Development Seed Blog
A User Interface All Your Site Admins Can Use
The next version of Drupal will make it much easier to build complex multilingual websites, and it will make it a whole lot easier to edit and maintain the sites too. One of the key changes is that it will be much easier to translate the instructions built into the backend of Drupal websites - called strings in Drupal speak, this refers to all the text you see in a typical CMS that tells you what content you’re looking at and what to do with it. (Note: This is currently in Drupal’s patch approval queue so it may not make it into the next release of Drupal core, but it will be available. Go give it a test run and give some feedback. It will make Jose, a lead developer, very happy.)
This may not seem like that big of deal, but it could really help streamline your editorial process. Say you have a bilingual website in French and English like Haiti Innovation and a site administrator that speaks only English. By default, the backend instructions are in English so your site admin will be able to edit the site easily in both languages. Then one day the boss comes in and decides that the website needs to also be in Creole to better represent the Haitian people. The web shop or your web guy set your site up to handle a third language, a French to Creole translator is lined up, and the site admin is told to make it happen. Now the site admin comes up with two ways to go about translating all the content into Creole – either copy and paste all the current French content into a Word document, send it to the translator, get someone to instruct the translator on what to do, have the translator send the document back, and then create all the pages over again in Creole. Or the site admin could let the translator go in and make the translations directly in website using the content management system. The second option sounds a lot easier doesn’t it? Too bad there’s a catch – all of the CMS instructions (and titles) are in English.

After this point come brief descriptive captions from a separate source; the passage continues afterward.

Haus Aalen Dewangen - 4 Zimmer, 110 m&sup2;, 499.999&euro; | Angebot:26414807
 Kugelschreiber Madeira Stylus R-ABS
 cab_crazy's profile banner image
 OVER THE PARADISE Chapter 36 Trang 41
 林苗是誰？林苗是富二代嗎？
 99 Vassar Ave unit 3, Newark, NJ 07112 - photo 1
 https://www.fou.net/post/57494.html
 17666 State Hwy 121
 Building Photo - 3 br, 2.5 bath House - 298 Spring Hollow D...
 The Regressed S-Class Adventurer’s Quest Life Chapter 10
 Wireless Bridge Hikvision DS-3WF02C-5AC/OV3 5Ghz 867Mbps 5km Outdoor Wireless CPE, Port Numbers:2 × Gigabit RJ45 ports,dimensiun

The way it works now in Drupal makes it difficult and time consuming to translate these instructions. You can to do them by hand one at a time or export them and edit them in a tool called a PO editor. So what happens is that because of the process many multilingual site admins never end up doing it and their CMS looks like this:
But really, you want something like this:
In the next version of Drupal, you’ll be able to translate these instructions easily and in a single interface (assuming it’s approved, which is very likely). The way it will work is that in the interface you’ll be able to sort out all the instructions that need to be translated and then go ahead and translate them in the same interface. You’ll also be able to categorize the instructions and then sort them by the category. If you want to have your Creole translator put instructions for events into Creole since it’s the most important to you right now, you could categorize them and send the translator to a single page to translate all the needed instructions.
Here’s a screen shot of what the new interface will look like.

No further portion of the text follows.